Shortly after I read about Havana's organiponicos, or urban gardens, often roof gardens, I gave a talk in Birmingham called 'Who Will Feed the Cities?'. Walking back to the station through the urban moonscape that is central Brum I began to imagine the car parks filled with productive raised beds, and vines and fruit trees trained along the brick facades.

It has cheered me no end to see a similar vision being shared by advertising creatives. I first noticed the Baxters Farmers' Market soup advert, where the urban cat is replaced by a piglet and a bride's bouquet is made of carrots. This was followed by an advert for E-On where giraffes invade the office and a beaver is found in the water-cooler.

It seems to me that this is the opposite impulse to that which continues to drive well-paid executives into the countryside, which they immediately neutralise and suffocate with their 'city ways'. How welcome to see an invasion of the city by revolting peasants and their filth.

18 January 2007

Everything is never enough



I couldn't have made this up--and I didn't. It is the marketing slogan for Molton Brown, purveyors of perfumed cosmetics to the high and mighty. It is a perfect mission statement for the consumptive economy we live in. To be the change we want to see in the world in economic terms we all need to cultivate a consciousness of sufficiency and think hard about what enough is, perhaps rather than what is enough.

Enough is a vital concept: if we have enough we are not deprived. To learn this we need to begin to share the mindset of subsistence societies, like those reported by Marshall Sahlins in Stone Age Economics, who managed to meet their needs in only a couple of hours a day and spent the rest of their time playing, singing, carrying out rituals, resting, and so on. Ray Mears' current TV series is exploring just this issue, helping us into the sustainability mind-set of our neighbours.

Working more hours and buying more things will never bring us sufficiency, just an endless cycle of more unsatisfied wants, and more work to earn the money to satisfy them. In an article I am very proud to have called 'Sen and the Art of Market-Cycle Maintenance' I have explored the way in which the combination of the concept of ‘relative deprivation’ and the advertising industry create a world where we will always feel the need for more. The maintenance of this feeling of scarcity is necessary to encourage the increasing consumption that economic growth requires. Here is what Marshall Sahlins wisely said about this:

Modern capitalist societies, however richly endowed, dedicate themselves to the proposition of scarcity. Inadequacy of economic means is the first principle of the world’s wealthiest peoples.

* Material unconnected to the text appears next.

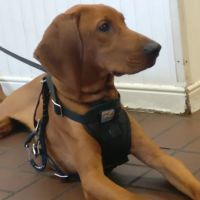 VCA Old Canal Animal Hospital ico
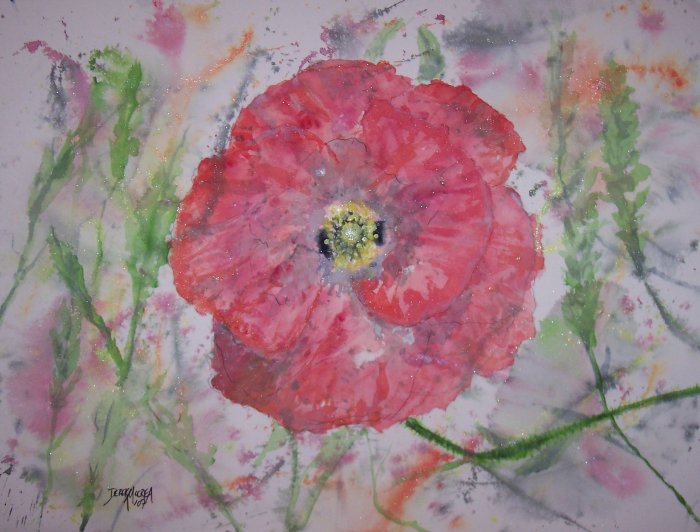 Poppy Burst limited edition print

The market-industrial system institutes scarcity, in a manner completely unparalleled and to a degree nowhere else approximated. Where production and distribution are arranged through the behaviour of prices, and all livelihoods depend on getting and spending, insufficiency of material means becomes the explicit, calculable starting point of all economic activity.

Three assumptions underlie the ethic of scarcity:
  • There is shortage and if I do not immediately take my share, there will not be enough for me. This understanding is partly one of the many unacknowledged consequences of the wartime rationing experienced by the older generation who have bequeathed us their fears, but is reinforced constantly by advertising urging us to buy now before stocks expire.
  • You must take what you can now and then keep it. Giving to somebody else will mean you are left short of something you need. This leads to hoarding of unnecessary items which might be useful to somebody else.
  • You will be left without and there will be dire consequences because nobody will help you. In other words it is an ethic based on fear.
To turn these around we need to create our own ethic of plenty with the following assumptions:
  • There is plenty for all our needs: nature is bountiful when we treat her with respect and care.
  • Sharing is good for the giver as well as the receiver and moves us towards the kind of world we want to live in.
  • You can trust others to look after you: we are better at looking after each other than selfishly competing.
Time to stop. I expect you've had enough.